All the talk is of Fannie and Freddie, and their implications on the US financial sector as a whole.  As their share prices plunge, it left me wondering again... should these Government Sponsored Companies even be publicly traded anyways?  It is evident that the government would have to step in a prevent a bankruptcy at one of these entities, should it happen.  Canada's model of a government run agency appears to be a better model.

FNM and FRE with market caps of $15 and $6.6 billion respectively, have $831.2 and $644.7 billion in debt outstanding.  So needless to say, the equity portions of these companies are relatively unimportant.  Below is the chart of the yield spread between a Fannie 9 year bond and treasuries.  We are seeing credit spreads hit all time highs on the AAA rated "safe as government" bonds.

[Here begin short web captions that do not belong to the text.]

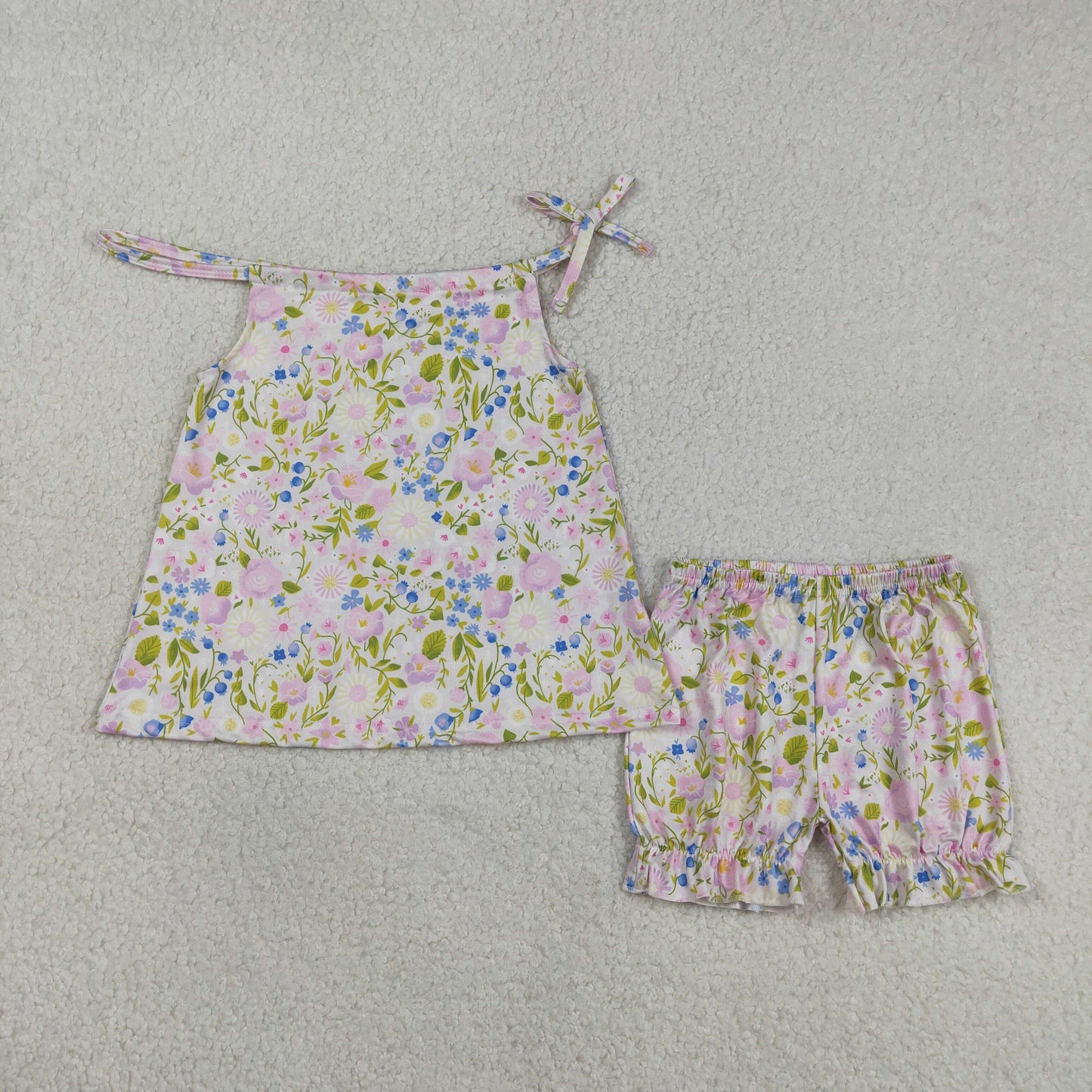 GSSO2778 Flower Leaf Blue Purple Halter Top Shorts Girls Set 202603 RTS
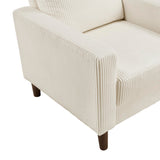 Lexicon Modern Loveseat, Corduroy Fabric Upholstered Loveseat Sofa, Small Couch with Brown Legs, Track Arms, Comfy Couch for Living Room/Bedroom/Apartment, 2-Seater, Beige Lexicon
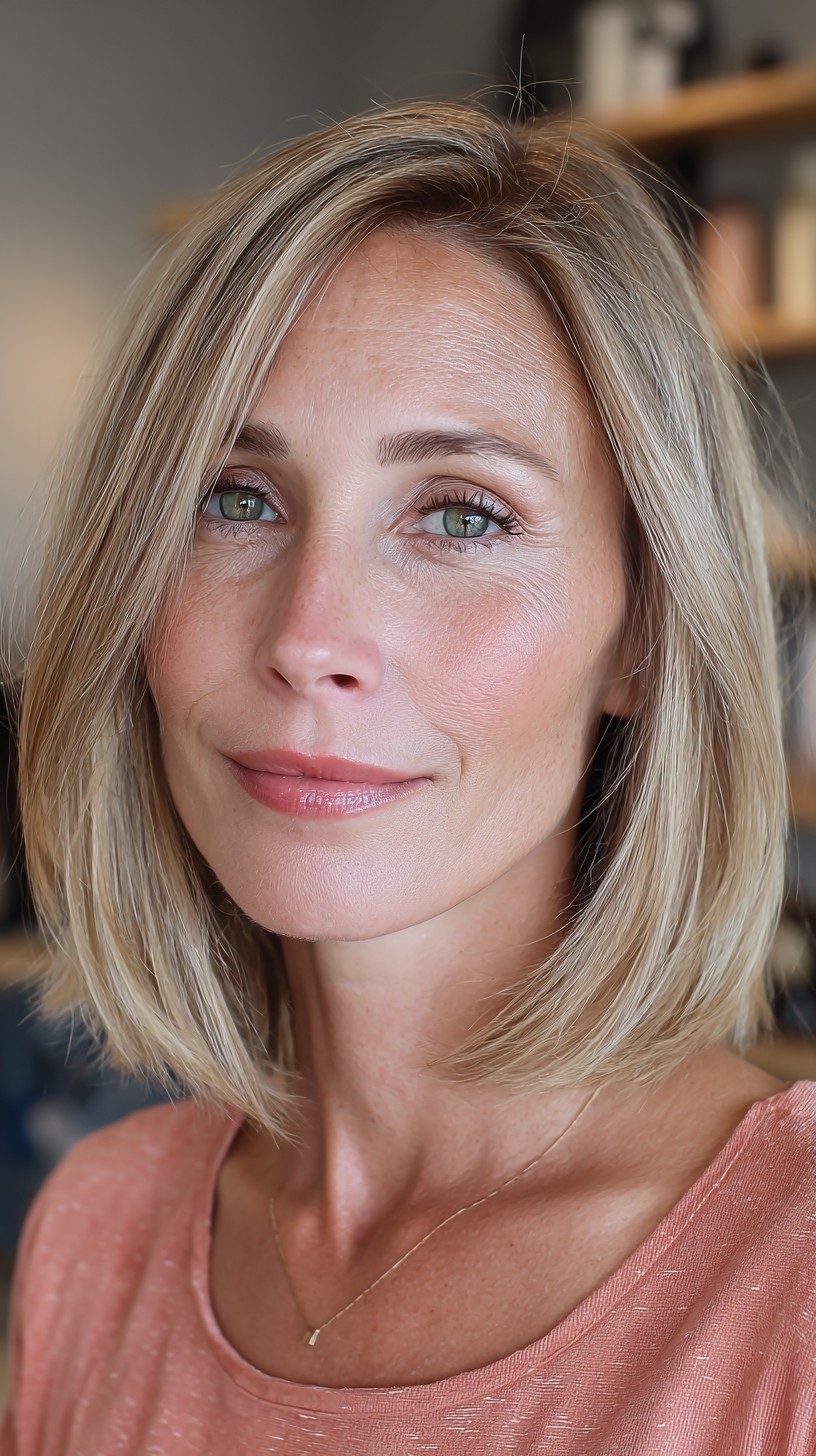 Classic Light Blonde Long Bob with Soft Textures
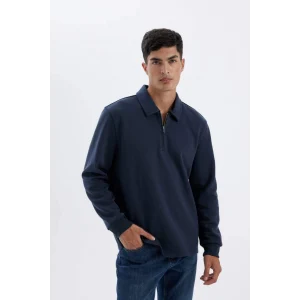 D2279 Regular Fit Polo Yaka Yarım Fermuarlı Basic Düz Sweatshirt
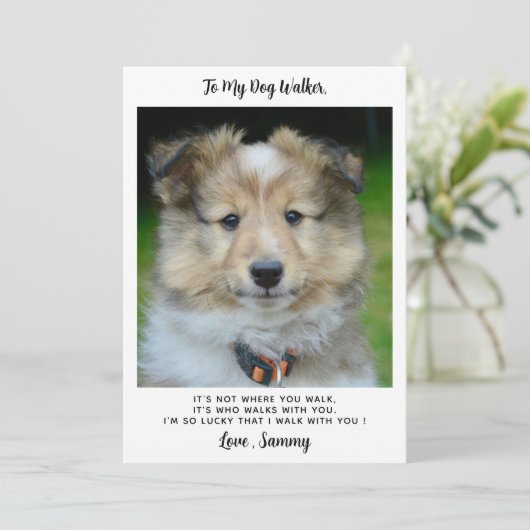 サンキュードッグウォーカーシンプルかわいいカスタムペット写真 カード (スタンド正面)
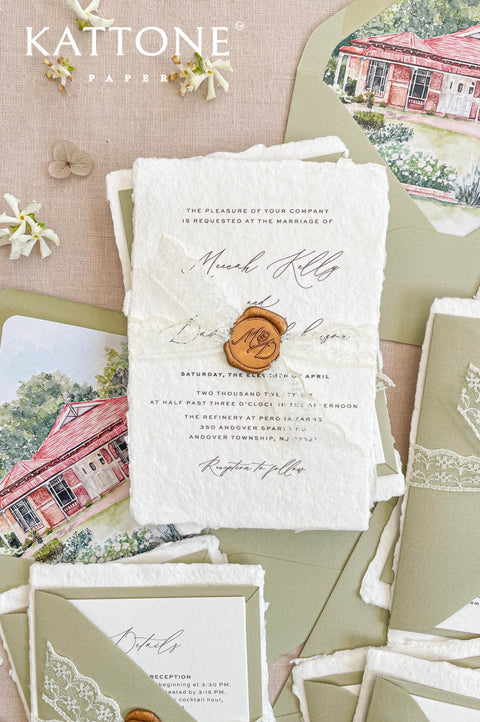 Luxury handmade paper wedding invitation with deckled edges, sage green envelope, watercolor venue illustration and wax seal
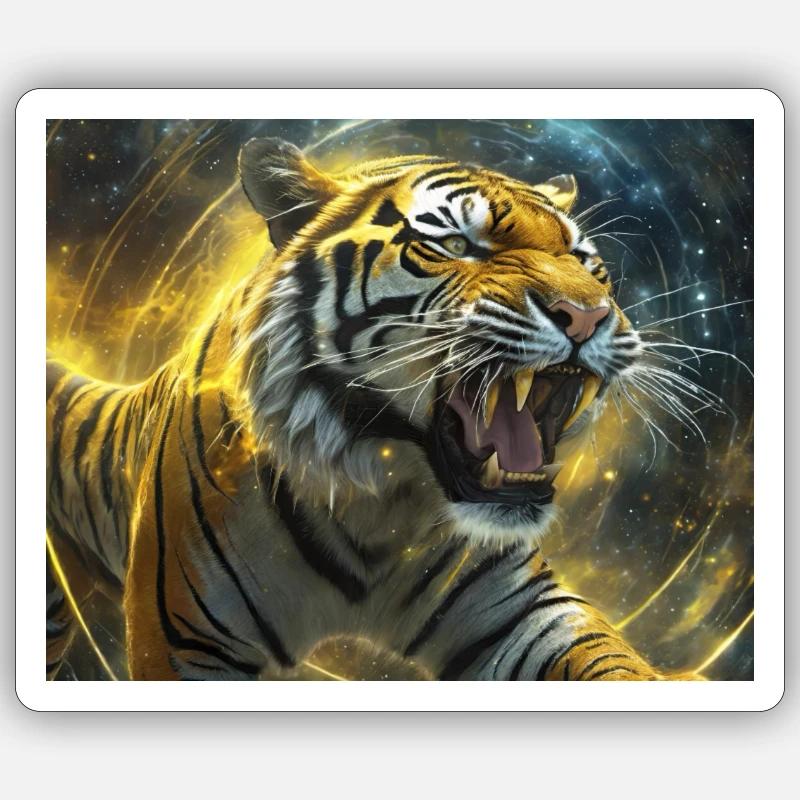 Space tiger - Sticker taille S (10 x 10 cm) - blanc mat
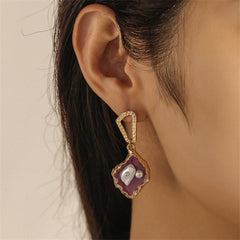 Purple Enamel & Pearl Cubic Zirconia-Accent Drop Earrings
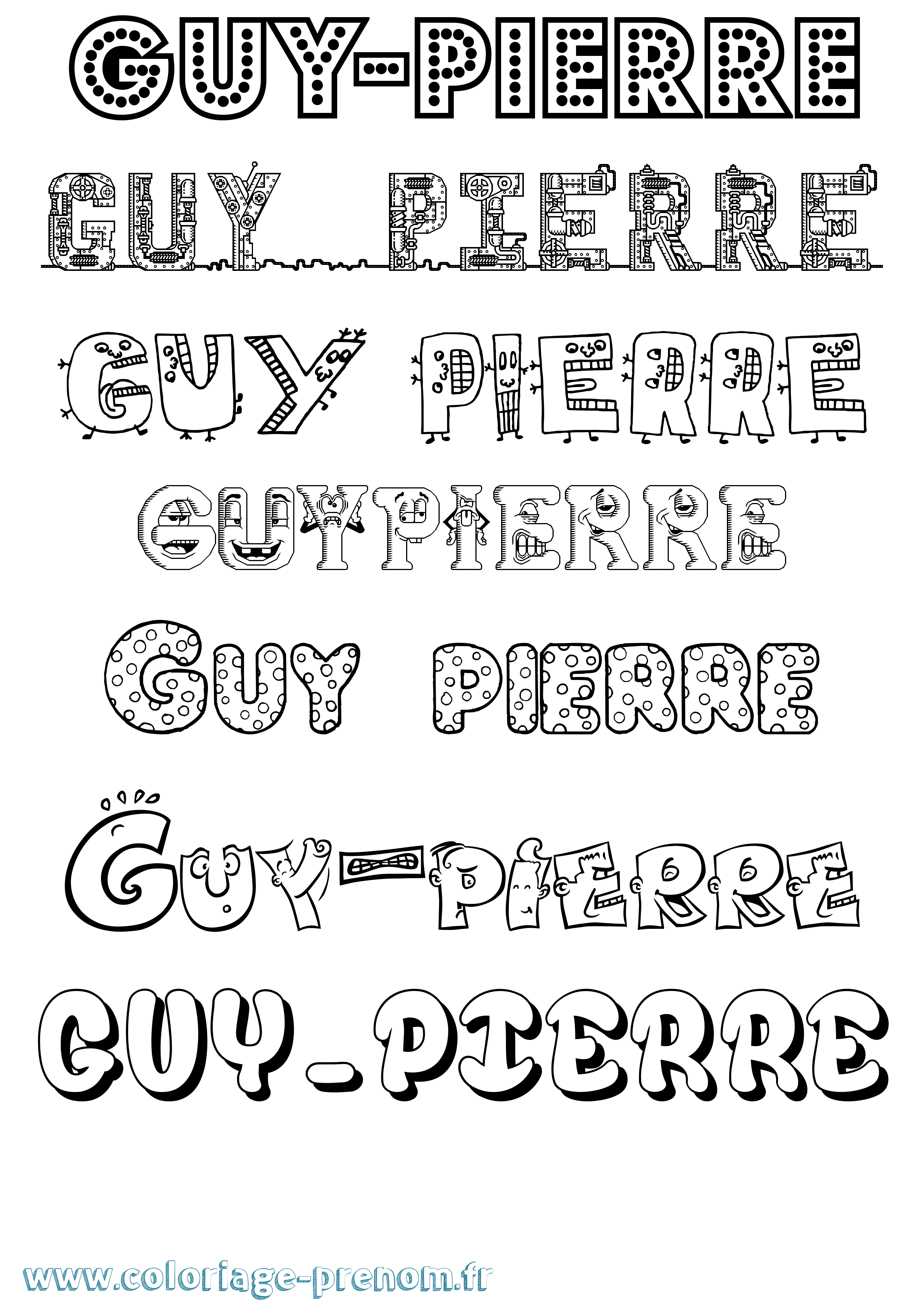 Coloriage Guy-Pierre Fun Coloriage prénom Guy-Pierre Fun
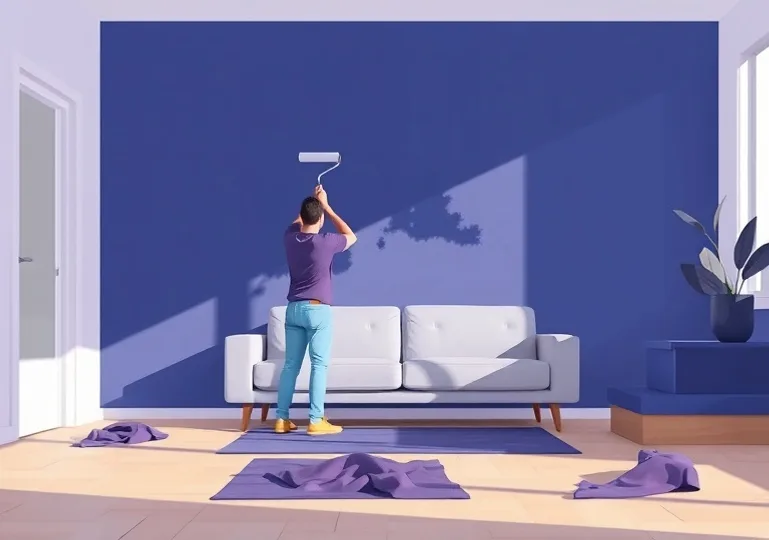 Peintre appliquant la peinture au rouleau sur un mur de salon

Weekly Jobless Claims were much lower than expected @ 346k, while continuing claims remained high @ 3202k.  This data looks pretty good, but it is a weekly number that has been trending the wrong way lately.

 All this pessimism, particularly the housing mess in the US is starting to make the US 2 year bonds look attractive at 2.40% (and to a lesser extent, in Canada @ 3.15%).  While the yield is not a lot to speak of, if the market gives up its bets that the Fed will hike rates, we could see some declines in the two year yield.  While down from a month ago, the market is still anticipating rate hikes by the end of the year, with virtually NO chance of rates being cut again.  We think the downside economy pressures will increase while inflationary pressures recede.  The jobs numbers and consumer spending data just doesn't support an inflationary backdrop, even though Oil and Food prices remain high.